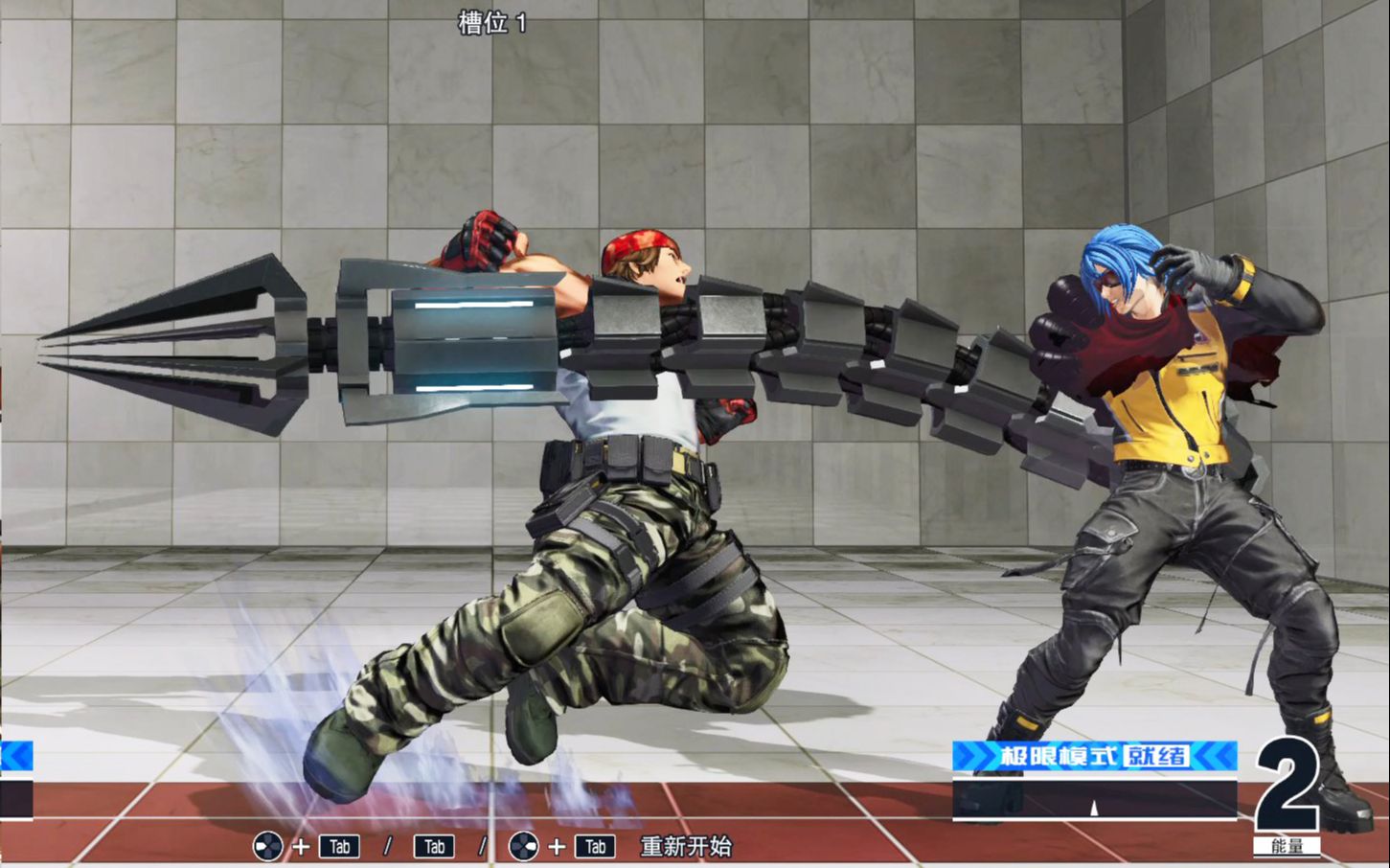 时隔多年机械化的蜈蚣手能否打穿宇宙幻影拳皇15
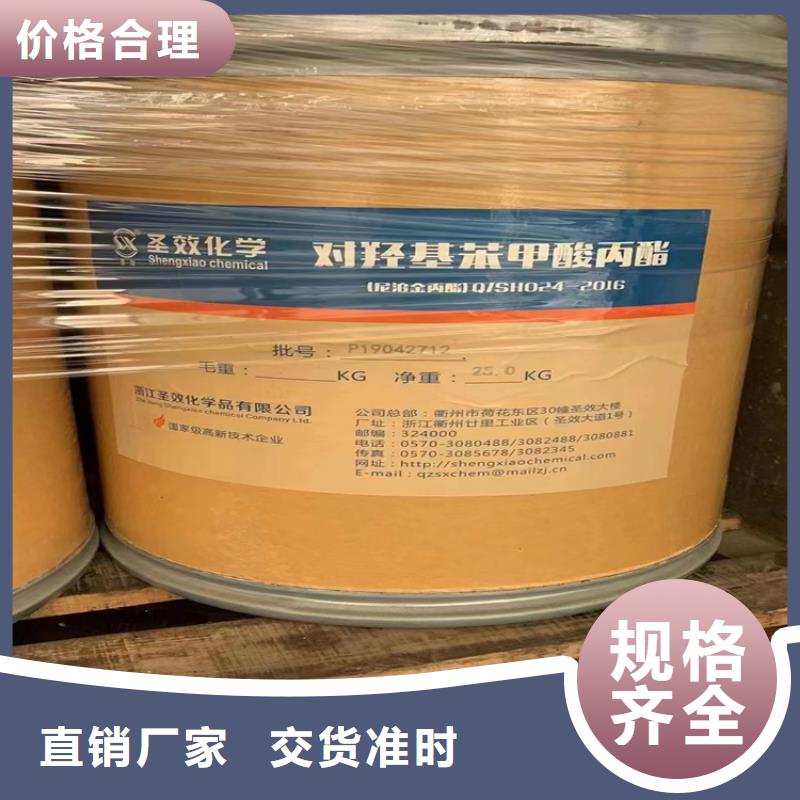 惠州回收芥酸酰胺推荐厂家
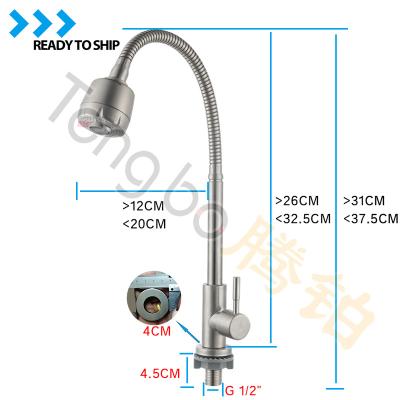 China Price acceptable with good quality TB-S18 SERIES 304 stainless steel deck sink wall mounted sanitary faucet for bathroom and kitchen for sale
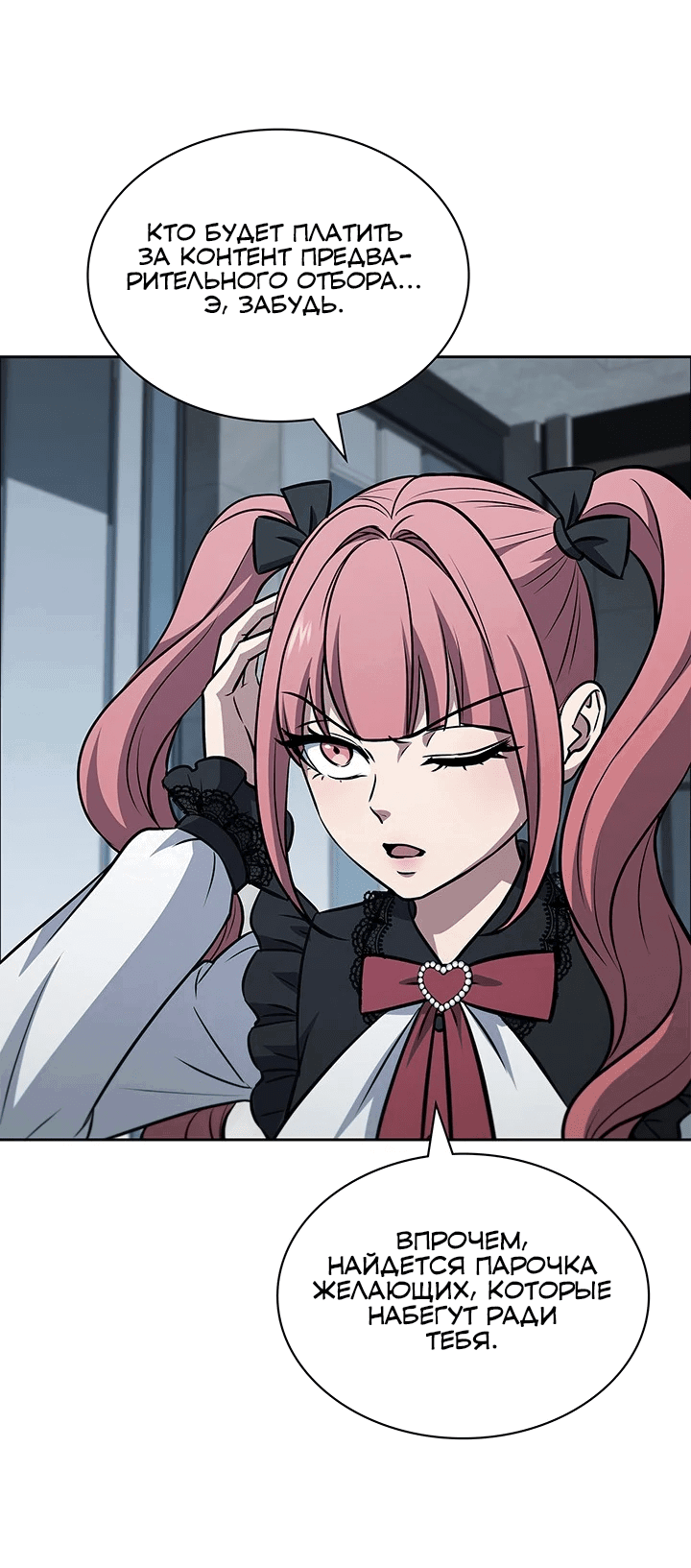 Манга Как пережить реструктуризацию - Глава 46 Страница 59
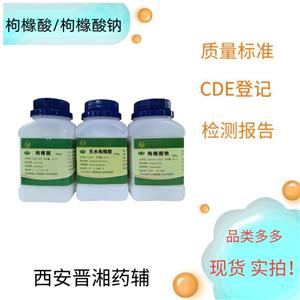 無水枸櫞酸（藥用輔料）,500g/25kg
------------------------------------------------------------------------
Omit all pictures and repeat the rest of the records verbatim.

 时隔多年机械化的蜈蚣手能否打穿宇宙幻影拳皇15
 惠州回收芥酸酰胺推荐厂家
 China Price acceptable with good quality TB-S18 SERIES 304 stainless steel deck sink wall mounted sanitary faucet for bathroom and kitchen for sale
 Манга Как пережить реструктуризацию - Глава 46 Страница 59
 無水枸櫞酸（藥用輔料）,500g/25kg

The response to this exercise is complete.